• **What this task involves**:
Your answer must be the exact lines below, starting with the line with "Z500/Rain (+SLP)/Z850 ECMWF" and going on through the line with "Nordic Cream Square", both included, with no pictures.

• **Entries shown**:

----------

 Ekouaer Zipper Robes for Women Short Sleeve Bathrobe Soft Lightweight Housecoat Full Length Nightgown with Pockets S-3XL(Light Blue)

----------

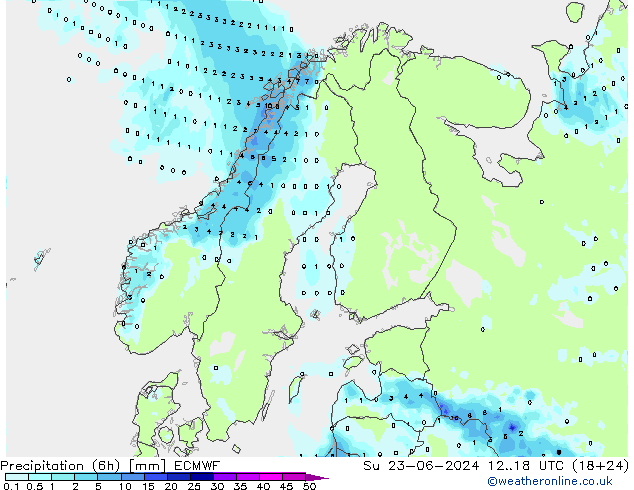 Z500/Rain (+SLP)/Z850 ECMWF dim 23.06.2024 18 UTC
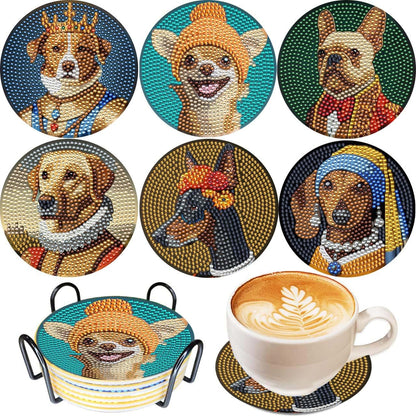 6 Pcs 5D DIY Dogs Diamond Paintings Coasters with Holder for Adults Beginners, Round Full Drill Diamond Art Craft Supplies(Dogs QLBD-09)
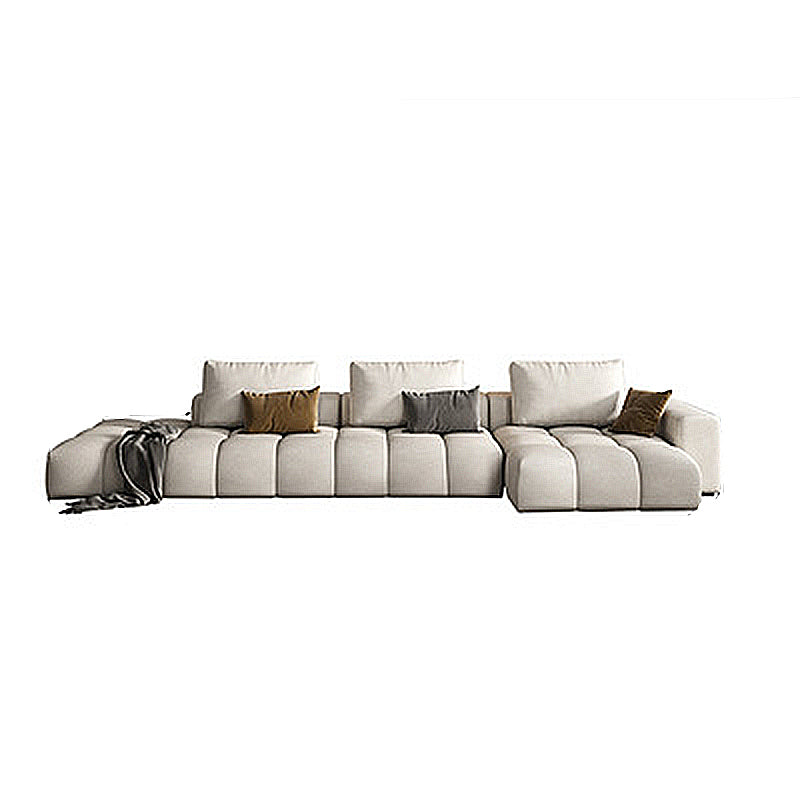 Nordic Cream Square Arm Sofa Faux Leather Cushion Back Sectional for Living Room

----------

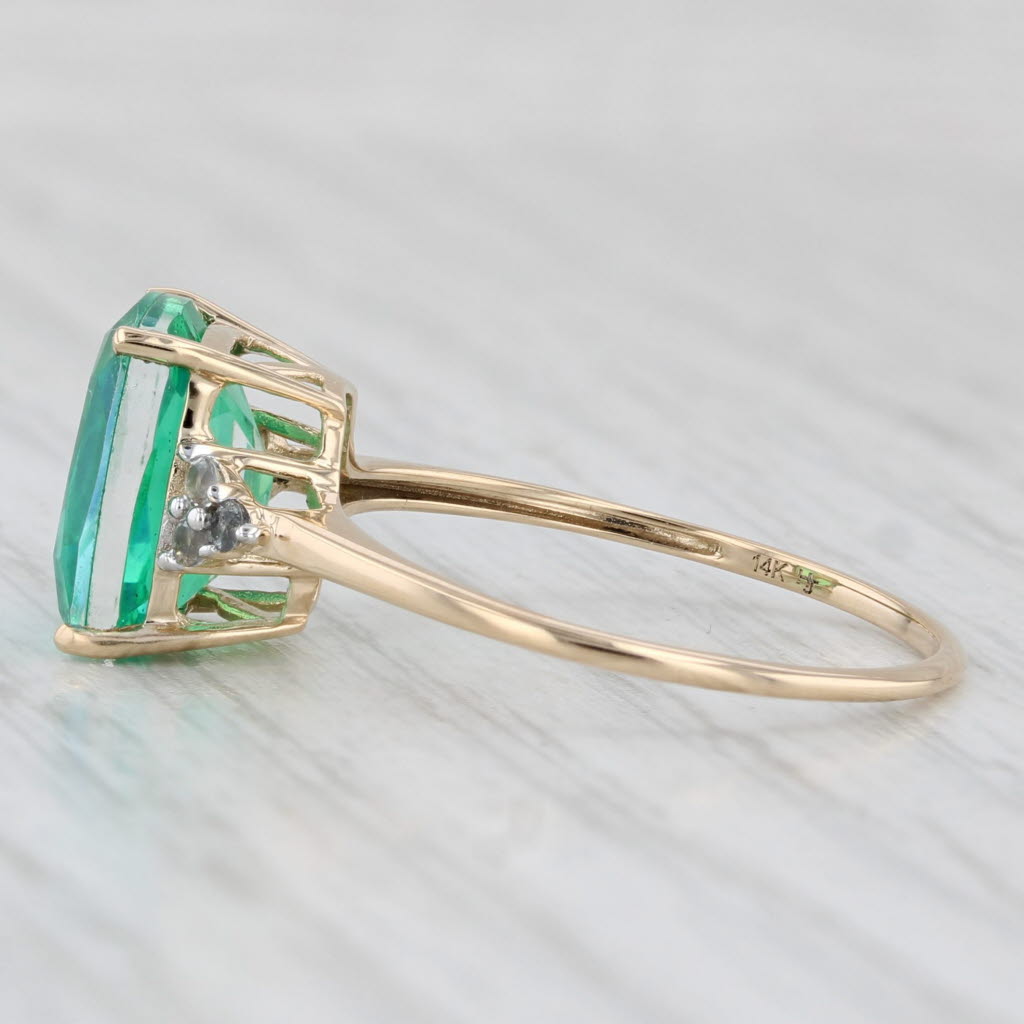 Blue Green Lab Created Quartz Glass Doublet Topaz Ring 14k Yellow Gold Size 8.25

----------

• **Solution to the exercise**:
 Z500/Rain (+SLP)/Z850 ECMWF dim 23.06.2024 18 UTC
 6 Pcs 5D DIY Dogs Diamond Paintings Coasters with Holder for Adults Beginners, Round Full Drill Diamond Art Craft Supplies(Dogs QLBD-09)
 Nordic Cream Square Arm Sofa Faux Leather Cushion Back Sectional for Living Room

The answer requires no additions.